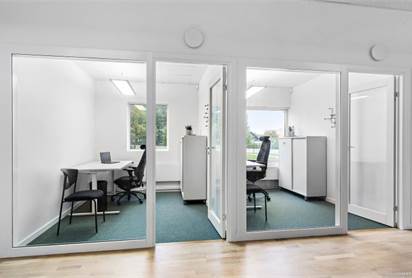 Möblerade kontorsrum - 2 st med fönster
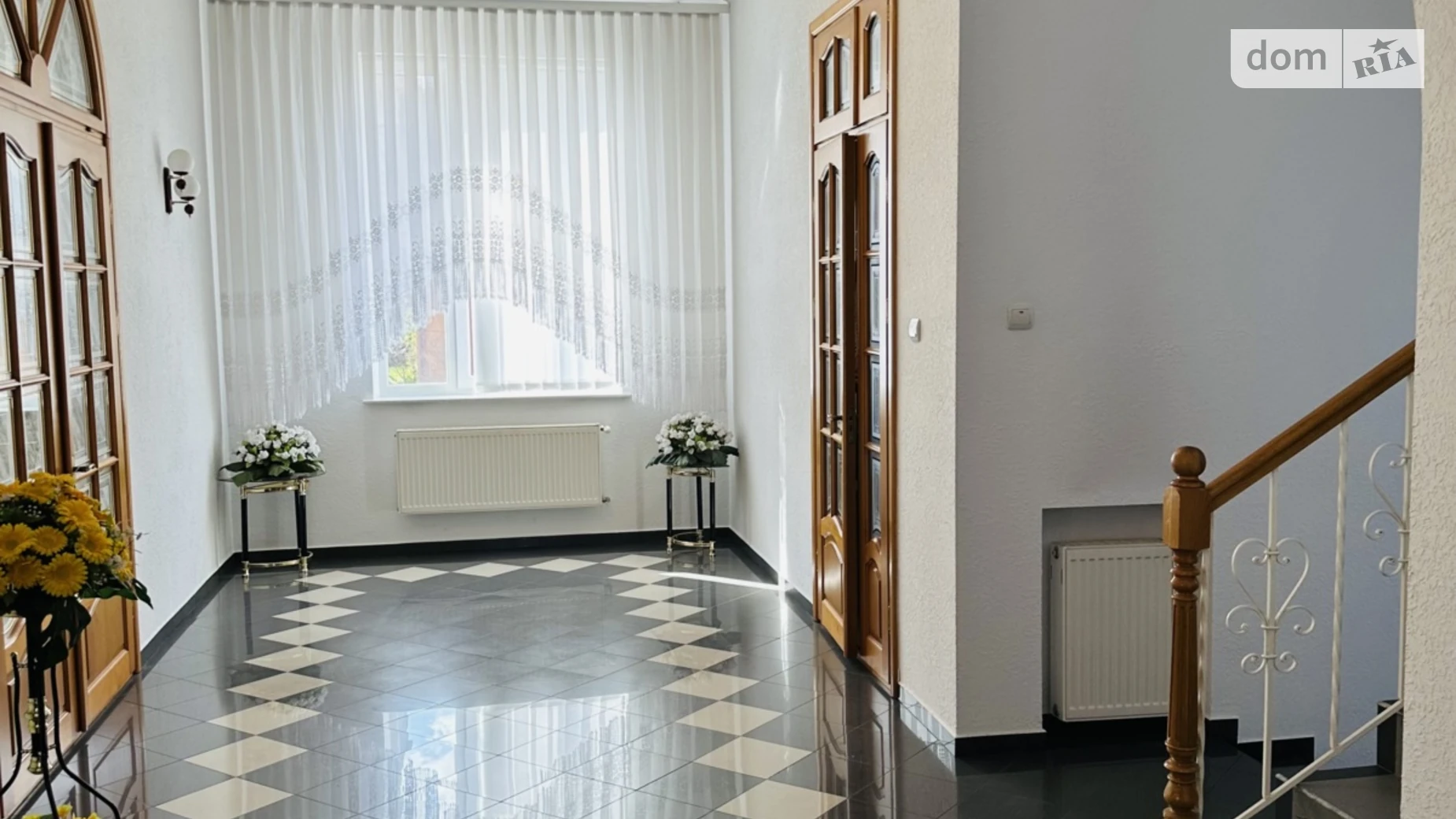 Продается дом на 3 этажа 533.8 кв. м с балконом, цена: 690000 $ - фото 2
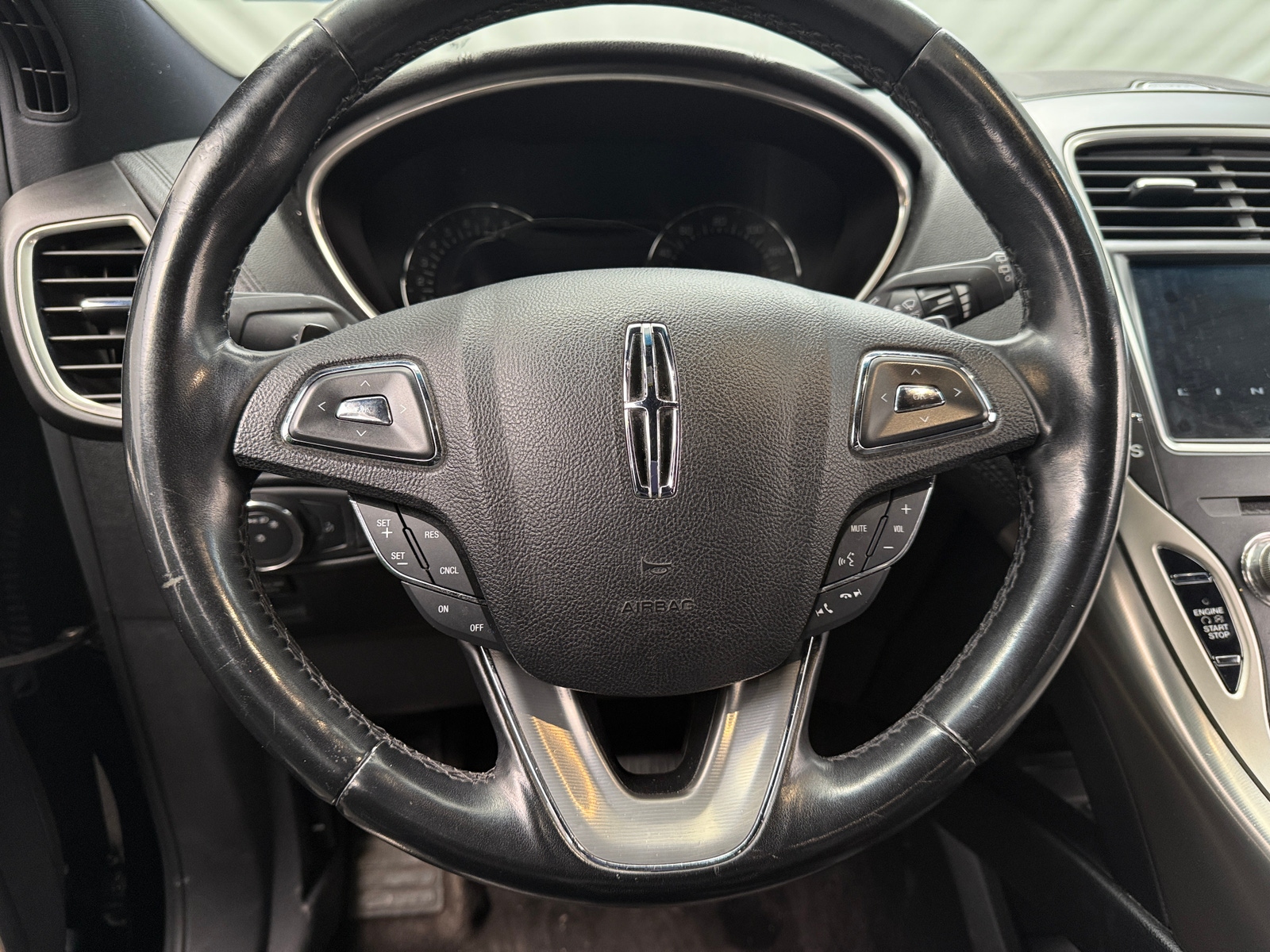 Thumbnail: 2016 Lincoln MKX - 4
________________________________________
# THE PROBLEM:
When you reproduce the material, keep every word exact and leave each picture out.

# RESPONSE TO THIS EXERCISE:
 Möblerade kontorsrum - 2 st med fönster
 Продается дом на 3 этажа 533.8 кв. м с балконом, цена: 690000 $ - фото 2
 Thumbnail: 2016 Lincoln MKX - 4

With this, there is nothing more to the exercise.